これは小麦粉をベースにして焼いた薄いお菓子で、日本でも一般的なホットケーキあるいはパンケーキの先祖で、オランダではこう呼びます。ということで、一度パナクックなるものを食べてみようと専門にやっている店に行き、メニューを見て、一瞬、おやっと思いました。ホットケーキはバターとメープルシロップをかけて食べるものという既成概念を持っていたため、メニューに書いてあることが信じられなかったのです。小麦粉で焼いたものの上にトッピングとしていろいろな果物を乗せるところまではそれほど無理なく理解できましたが、さらにチーズ・ベーコン・ハムなどちょっとお菓子に組み合わせるにはどうかと思えるようなバリエーションがいろいろ書いてあるのです。もちろん、テーブルにはオランダでは定番のストロープ・シロップという甘いシロップも用意されているし、粉砂糖も置いてあります。これらは好みによって出されたパナクックに振りかけるものです。
いざ出て来たものは、筆者が考えていたパンケーキよりもはるかに薄くペラペラの感じで、しかも直径が30cm前後もあろうかという大きいものでした。じつは、何がお勧めかと店員に聞いてベーコン・チーズ・パイナップルをトッピングしたものを注文したのです。なんという取り合わせとは思ったのですが、食べてみると意外や意外、これはお菓子の類ではなく、腹持ちのする軽食そのものだと感じました。あまりにホットケーキというお菓子の頭があっただけに驚きと同時に新しい世界を味わいました。このようなパナクックを食べさせる店はあちこちにあり、オランダの国民的な食べ物だということがよく分かりました。余談ですが、私が初めてパナクックを食べたデルフトの広場に面した店には、アメリカの大統領ビル・クリントンが来て食べたと、店の壁に写真が貼りだしてありました。

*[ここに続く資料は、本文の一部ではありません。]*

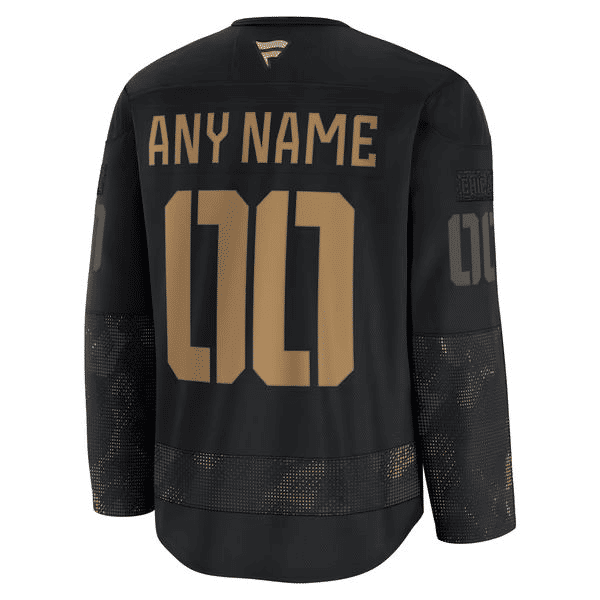 Selfika Chicago Blackhawks Fanatics 2024 Military Appreciation Practice Jersey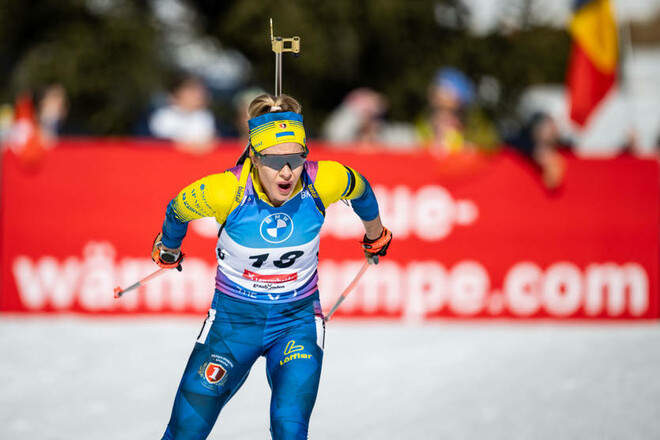 Какое место у Джимы? Общий зачет биатлонисток КМ перед этапом в Поклюке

大きなパナクックとは対照的に、ポファチェス(Poffertjes)という極小の一種のパンケーキがあります。材料はパナクックとほぼ同じ、小麦粉・卵・牛乳ですが、パナクックは大きなフライパンで焼くのですが、ポファチェスは大きな鉄板に浅いくぼみがたくさん空いたタコ焼き器のようなものに流し込んでやいたものです。タコ焼き機のくぼみは半球ですが、ポファチェスのものはそれよりずっと浅いのです。注文すると十数個のポファチェスが皿に盛られてその上に粉砂糖がたっぷり振りかけられています。これも結構腹に溜まりますが、これはどちらかというとホットケーキのようにおやつにいいお菓子です。